Experiment 2 fully replicated the target recognition results of Experiment 1. Participants recognized more targets for which they had generated both within- and cross-category errors than those that they had simply studied. Targets from within-category error trials were also recognized more often than targets from cross-category error trials. This second finding is again inconsistent with the error-correction hypothesis. For the associative recognition test, by contrast, no significant effects of encoding condition were observed, with Bayesian evidence for the null in the case of d’. This result suggests that, relative to an equivalent period of study time, pretesting has no impact on the quality of cue-target associative learning. Further analysis indicated that the differential effect of error magnitude observed for target recognition does not extend to associative recognition (with Bayesian evidence for the null for both d’ and c in this case).
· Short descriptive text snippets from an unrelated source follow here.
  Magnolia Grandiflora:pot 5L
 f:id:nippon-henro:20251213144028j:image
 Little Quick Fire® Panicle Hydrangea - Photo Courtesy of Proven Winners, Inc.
Thus, Experiment 2 provides no evidence to suggest that the mechanism that produces the overall PTE is different to the one that produces the differential effect that is seen for within- and cross-category errors.

It might seem odd that we observed a marked effect of error magnitude on target memory, but not on associative memory. The two might seem to be intrinsically linked. In fact, in one dominant model of associative memory (Wagner, 1981), associative strength is a product of the extent to which the target is processed. We return to the issue of associative versus target strength in the General discussion. Before that, we report an attempt to ascertain the extent to which participants can judge their learning across the three trial types.

Experiment 3

In Experiment 3, we sought to examine whether participants were aware of the benefits of generating within-category errors over both cross-category errors and just studying. Several previous studies have shown that participants often do not appreciate the benefits of generating errors during learning (Huelser & Metcalfe, 2012; Potts & Shanks, 2014; Yang et al., 2017; Zawadzka & Hanczakowski, 2019). Potts and Shanks' (2014) participants, for example, consistently gave lower judgments of learning to pretested word pairs than to pairs that were studied alone. This pattern was observed even though pretesting consistently improved target memory. A recent survey of North American undergraduates further suggests that students often do not engage in pretesting in genuine pedagogical environments (Pan et al., 2020). Interestingly, 91% of students felt that it was either moderately or very important to avoid generating errors when studying. When practice questions were made available, just 14% of students said that they attempted those questions before studying, as opposed to 74% of students stating that they attempted the questions after studying the topic. In contrast, 96% of students agreed that studying feedback after making errors was either moderately or very helpful. Thus, while students often avoid making errors, they do appreciate the educational value of learning from errors.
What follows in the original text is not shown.